According to a 2017 World Bank study, nearly 3 billion people worldwide are considered unbanked or underbanked. In fact, of this total, 2 billion have no bank account or even access to a financial institution via phone or internet. While there has been a decline in this number since the World Bank conducted a similar study in 2011, this figure still represents almost 40 percent of the world’s population. So what does this all mean and what are the implications of having such a sizable number of people with limited financial access?
First of all, it’s important to understand the distinctions between underbanked and unbanked. The underbanked, according the FDIC are households that have “a checking or savings account but also obtained financial products and services outside of the banking system.” The financial products these people often rely on include things like cash advances, payday loans or similar costly services that require limited or no credit qualifiers. The unbanked, on the other hand, are simply those households that don’t have a checking or savings account at all. The implications of having such large numbers of people outside of the traditional banking system are widespread. It makes it harder for those people to develop equity and escape the cycle of poverty. It also stands to follow that because it’s harder for these people to advance their financial position, the economies of the regions in which they live are likely to be slowed.
In the 2017 report “Financial Exclusion: Why it is More Expensive to be Poor” from the Wharton School of Business, researchers found “there’s a great economic burden on unbanked individuals to complete even the most basic financial transactions.” In the U.S., it estimates that check cashing alone could cost an unbanked person with a full time job upwards of $40,000 over the course of their life. So it’s not difficult to imagine the effect being underbanked or unbanked could have on a regional or national economy. It impacts their ability to buy a home, expand a business, pay for education and even purchase household goods and services.
In addition to the calculable financial implications of the unbanked/underbanked, there are broader societal implications of inclusion in the financial system. The World Bank states that access to credit and payment systems “empower[s] women…boosts productive investment and consumption.” The organization goes on to note that it can reduce income inequality, positively impact economic growth and even help improve mental health. So the benefits are clear.

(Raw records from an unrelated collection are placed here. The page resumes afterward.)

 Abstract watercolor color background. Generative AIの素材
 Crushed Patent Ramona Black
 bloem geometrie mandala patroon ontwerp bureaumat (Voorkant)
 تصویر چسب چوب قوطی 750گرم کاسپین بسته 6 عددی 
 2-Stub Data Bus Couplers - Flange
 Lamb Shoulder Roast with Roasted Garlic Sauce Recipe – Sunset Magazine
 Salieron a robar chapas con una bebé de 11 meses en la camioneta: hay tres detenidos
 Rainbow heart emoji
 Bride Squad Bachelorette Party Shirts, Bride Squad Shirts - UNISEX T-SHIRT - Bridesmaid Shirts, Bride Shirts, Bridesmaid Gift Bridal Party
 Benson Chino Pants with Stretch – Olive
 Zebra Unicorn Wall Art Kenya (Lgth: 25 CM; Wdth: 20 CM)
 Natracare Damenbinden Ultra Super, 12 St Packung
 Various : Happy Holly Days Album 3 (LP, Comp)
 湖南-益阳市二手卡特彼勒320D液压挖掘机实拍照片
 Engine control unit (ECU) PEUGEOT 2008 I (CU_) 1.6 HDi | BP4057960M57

While governmental policies can have a significant impact on changing this current situation, the World Bank notes in a 2015 study that private companies can also play a “pivotal role” in making thing better for these communities. One such company that’s focused on improving access to credit for the underbanked and unbanked around the globe is Colendi.
Colendi’s mission is to democratize credit scoring and make participation in banking systems possible for everybody. Leveraging blockchain technology, Colendi aims to empower the unbanked or underbanked, giving them a financial identity and equal financial access to banking systems while keeping their personal information under their control. It does so while looking at information like social media accounts, smartphone usage, shopping preferences, bill payment history and hundreds more categories. Many people and companies are already behind the project in the global network including signed financial service and retail partners including Limak , Ininal and Koçtaş. It makes microcredit, peer-to-peer lending and installment shopping a reality for traditionally underserved populations.